- **Your goal**: Pull every line containing the word "Foto" from the records.

- **Data excerpts**:
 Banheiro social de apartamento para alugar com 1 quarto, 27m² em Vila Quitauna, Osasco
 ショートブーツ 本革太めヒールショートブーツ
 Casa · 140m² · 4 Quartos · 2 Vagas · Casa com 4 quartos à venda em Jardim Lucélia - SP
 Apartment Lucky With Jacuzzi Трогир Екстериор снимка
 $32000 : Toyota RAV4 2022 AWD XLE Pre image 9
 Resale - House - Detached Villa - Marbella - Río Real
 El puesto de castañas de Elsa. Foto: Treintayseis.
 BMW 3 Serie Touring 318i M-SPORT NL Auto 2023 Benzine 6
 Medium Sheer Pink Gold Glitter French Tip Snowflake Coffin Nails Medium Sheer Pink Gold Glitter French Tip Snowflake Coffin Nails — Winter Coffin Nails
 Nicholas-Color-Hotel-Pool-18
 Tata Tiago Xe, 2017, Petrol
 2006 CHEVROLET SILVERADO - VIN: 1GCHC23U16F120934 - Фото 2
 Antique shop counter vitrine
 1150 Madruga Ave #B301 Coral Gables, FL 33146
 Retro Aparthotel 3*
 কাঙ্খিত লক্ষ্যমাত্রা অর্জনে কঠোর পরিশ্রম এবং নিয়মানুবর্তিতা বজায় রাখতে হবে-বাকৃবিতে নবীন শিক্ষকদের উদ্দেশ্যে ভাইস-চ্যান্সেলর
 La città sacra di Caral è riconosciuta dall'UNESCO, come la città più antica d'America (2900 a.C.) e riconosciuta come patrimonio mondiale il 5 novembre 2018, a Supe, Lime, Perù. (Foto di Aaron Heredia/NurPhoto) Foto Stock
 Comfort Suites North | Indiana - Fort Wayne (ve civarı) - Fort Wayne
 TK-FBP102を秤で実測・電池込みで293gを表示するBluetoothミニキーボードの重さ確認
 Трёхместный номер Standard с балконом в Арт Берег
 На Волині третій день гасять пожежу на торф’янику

- **Result for this task**:
 El puesto de castañas de Elsa. Foto: Treintayseis.
 La città sacra di Caral è riconosciuta dall'UNESCO, come la città più antica d'America (2900 a.C.) e riconosciuta come patrimonio mondiale il 5 novembre 2018, a Supe, Lime, Perù. (Foto di Aaron Heredia/NurPhoto) Foto Stock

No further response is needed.